**Task brief:** Only those lines in the data below from the line containing "Wartortle (30/149) [Black" through the line containing "Fari a LED Projector", both included, should be restated word for word.

------------------------------------

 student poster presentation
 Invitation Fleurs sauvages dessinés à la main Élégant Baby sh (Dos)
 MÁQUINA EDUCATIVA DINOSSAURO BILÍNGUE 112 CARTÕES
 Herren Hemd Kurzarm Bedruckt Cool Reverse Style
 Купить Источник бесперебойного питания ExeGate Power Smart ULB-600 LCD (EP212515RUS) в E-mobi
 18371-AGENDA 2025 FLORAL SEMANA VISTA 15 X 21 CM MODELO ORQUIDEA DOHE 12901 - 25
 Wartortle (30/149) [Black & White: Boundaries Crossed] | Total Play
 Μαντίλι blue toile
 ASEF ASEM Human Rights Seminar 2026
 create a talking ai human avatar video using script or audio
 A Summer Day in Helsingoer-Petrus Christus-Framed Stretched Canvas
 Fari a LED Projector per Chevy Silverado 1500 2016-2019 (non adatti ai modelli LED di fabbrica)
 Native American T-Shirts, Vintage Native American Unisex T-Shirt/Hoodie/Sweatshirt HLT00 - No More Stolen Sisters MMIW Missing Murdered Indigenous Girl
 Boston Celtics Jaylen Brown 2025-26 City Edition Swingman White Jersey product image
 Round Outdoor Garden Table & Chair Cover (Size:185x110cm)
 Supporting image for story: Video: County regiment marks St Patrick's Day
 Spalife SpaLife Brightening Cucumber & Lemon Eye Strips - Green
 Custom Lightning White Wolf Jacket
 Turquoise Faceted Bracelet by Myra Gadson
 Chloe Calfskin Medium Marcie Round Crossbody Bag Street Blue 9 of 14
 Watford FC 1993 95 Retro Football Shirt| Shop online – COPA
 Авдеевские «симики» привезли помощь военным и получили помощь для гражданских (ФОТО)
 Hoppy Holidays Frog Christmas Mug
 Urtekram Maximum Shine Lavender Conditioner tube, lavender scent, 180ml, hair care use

------------------------------------

**Solution for this task:**
 Wartortle (30/149) [Black & White: Boundaries Crossed] | Total Play
 Μαντίλι blue toile
 ASEF ASEM Human Rights Seminar 2026
 create a talking ai human avatar video using script or audio
 A Summer Day in Helsingoer-Petrus Christus-Framed Stretched Canvas
 Fari a LED Projector per Chevy Silverado 1500 2016-2019 (non adatti ai modelli LED di fabbrica)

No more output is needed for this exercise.